When news broke last week that the City of San Antonio was pausing construction on several of the "network huts" required for the implementation of Google's fiberoptic broadband internet service I was both excited and concerned. On the one hand I was thrilled to hear that physical construction had begun on San Antonio's Google Fiber network. On the other hand I was worried to hear that there had been some localized pushback.

One hut that had been the source of criticism was the one built in Haskin Park. My family actually lives less than a mile from there (the girls and I have ridden our bikes there in the past) and so I decided to take a look and see just how offensive these little buildings were.

There's not a whole lot to a fiber hut: the one in Haskin Park was about thirty feet long by about ten feet wide. The windowless prefabricated building is surrounded by a larger service yard enclosed by a cedar fence. It's pushed to the southern edge of the park and although it seems like pushing it to the rear (eastern end) of the park would have made it less conspicuous it didn't seem like its placement interfered much with how the park is used.

the current fiber hut at Haskin Park

the current fiber hut at Haskin Park

In the grand scheme of things, the hut seemed pretty innocuous and certainly less offensive than the artifacts created by the recent "fracking" boom that are now scattered throughout north and south Texas. It would be easy to dismiss this sort of thing as a typical NIMBY response but there is a legitimate philosophical concern about eroding public park space with structures that support commercial interests. San Antonio certainly is not alone in its struggle with this sort of thing.

Still, I was left with a sense that how fiber huts have been built so far represented a missed opportunity both for Google and the City of San Antonio. Rather than see these structures as pieces of telecommunication infrastructure to be hidden, why not celebrate them as opportunities to improve the places where they are located? Rather than look at these huts as a necessary evil, why not embrace them as a way for a corporate entity to reach out to the customers in the city it serves.

In other words, this struck me as a design problem; one that could be addressed by architecture.

We wondering what this sort of thing might look like and so we did what architects do: we started doodling. The current arrangement is simply a hut surrounded by a wood security fence and starting there we began to imagine how that fence could do a better job of screening while evolving into and amenity for the park itself.

Concern has been expressed about the noise that is periodically produced by the cooling units and back-up generators associated with the huts. To address this an earthen berm could be built to acoustically isolate the hut from the rest of the park. A more robust screening element could then be built to act as a canvas for graphics to imbue the structure with a an identity related to its particular neighborhood. This berm and screen could act as a framework for other activities: it could become a play structure itself or even a stage for public performances.
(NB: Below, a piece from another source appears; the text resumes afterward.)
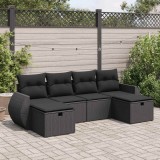 Cumpara ieftin Gossi set mobilier de gradina cu perne, 6 piese, negru, poliratan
Keep in mind we know nothing about the actual requirements for these network huts, the agreement Google has with the City of San Antonio or the budgets that are in place. This quick design exercise was made in a vacuum merely to illustrate what an alternative approach might look like. It is but one solution to the problem. It would be easy to imagine many others. 

In fact, we were reminded of the Park Pavilion Program that has seen nearly forty new park structures built throughout the city of Dallas. Designed by multiple architects these pavilions have become an excellent example of how good design can imbue places with identity and utility. It's not difficult to imagine a similar program in San Antonio where a series of pavilions sponsored by Google screen the huts that support their network while also giving back the the community they serve.